I wrote every line of my dissertation with two people in mind—my dissertation director and my mom, a high-school graduate. I knew that if I could craft a history that met his high standards but was accessible and understandable to my mom, then I’d have done it right.

4. Word Choice Matters, But Sentences Do Too

Too often, academics hear their writing as they imagined they wrote it, and not thinking about how it sounds to someone approaching them fresh. This is why I always tell students to read their work aloud.

Sentence structure matters here. I often read work that’s a mass of uniform sentences styles and length, but writers have to remember they’re not just providing the lyrics of a song, but the music that will accompany it.

There’s a popular quote by Gary Provost that gets this point across well:

This sentence has five words. Here are five more words. Five-word sentences are fine. But several together become monotonous. Listen to what is happening. The writing is getting boring. The sound of it drones. It’s like a stuck record. The ear demands some variety. Now listen. I vary the sentence length, and I create music. Music. The writing sings. It has a pleasant rhythm, a lilt, a harmony. I use short sentences. And I use sentences of medium length. And sometimes, when I am certain the reader is rested, I will engage him with a sentence of considerable length, a sentence that burns with energy and builds with all the impetus of a crescendo, the roll of the drums, the crash of the cymbals—sounds that say listen to this, it is important.

5. Pace Yourself

It’s easy to get overwhelmed by the larger process of writing an article, a dissertation or a book, so think about the big picture first and then focus in on one sentence, then one paragraph, then one section. One at a time.

Some grad students follow the model of my brilliant colleague Tony Grafton by setting a minimum word limit to hit each day, but I learned a long time ago that I’m no Tony Grafton. (You may be, though. Have at it!)

But yes, write something each day. Some days it flows effortlessly, and I can crank out five to ten solid pages. Some days I struggle over a single sentence, but if I finally get it right, that’s enough. Some days I realize I just have to walk away.

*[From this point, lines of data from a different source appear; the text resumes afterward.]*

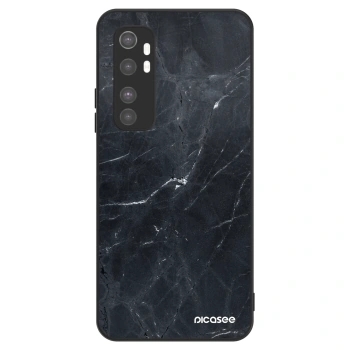 Ovitek za Xiaomi Mi Note 10 Lite - Black marble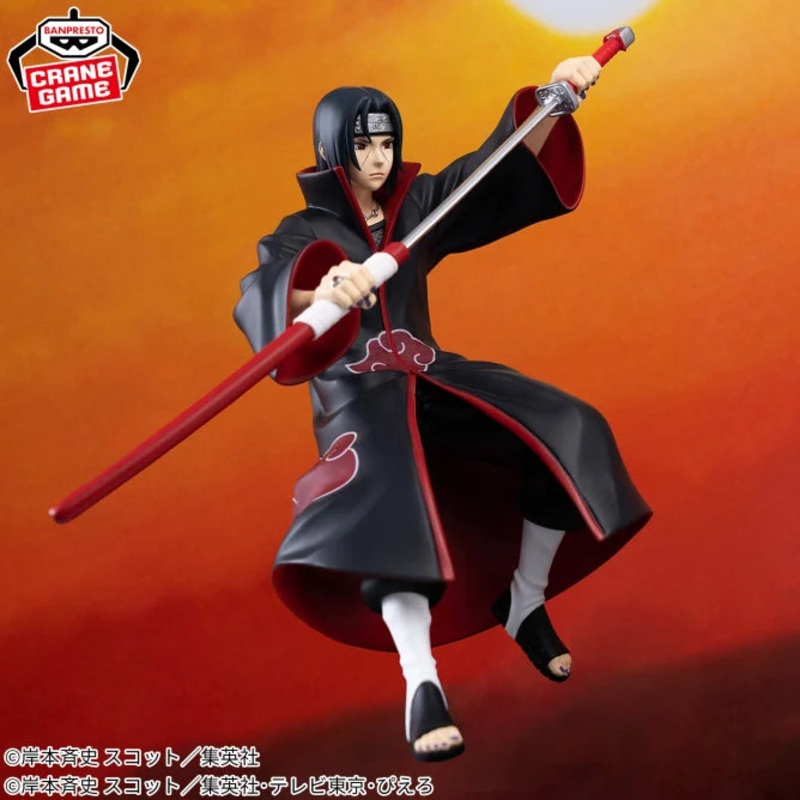 NARUTO – NARUTOP99 Itachi Uchiha Figure
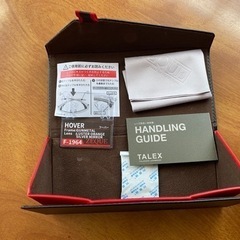 【偏光グラス】XEQUE（ゼクー）フーバー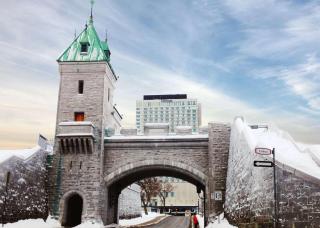 Hilton Quebec - 7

But the writing is only the beginning. That “write drunk, edit sober” line attributed to Hemingway might be apocryphal, but it has the stress in the right place. Editing and rewriting are the key to the whole thing.

And this can be, and should be, a collaborative process. Whether it’s presenting in formal workshops or sharing drafts with a friend, get some fresh eyes on your writing whenever you can.

And, this should go without saying, but you should be circulating your worst material, the stuff you need the most help on. You’re not trying to show off, you’re asking for help. We all need it.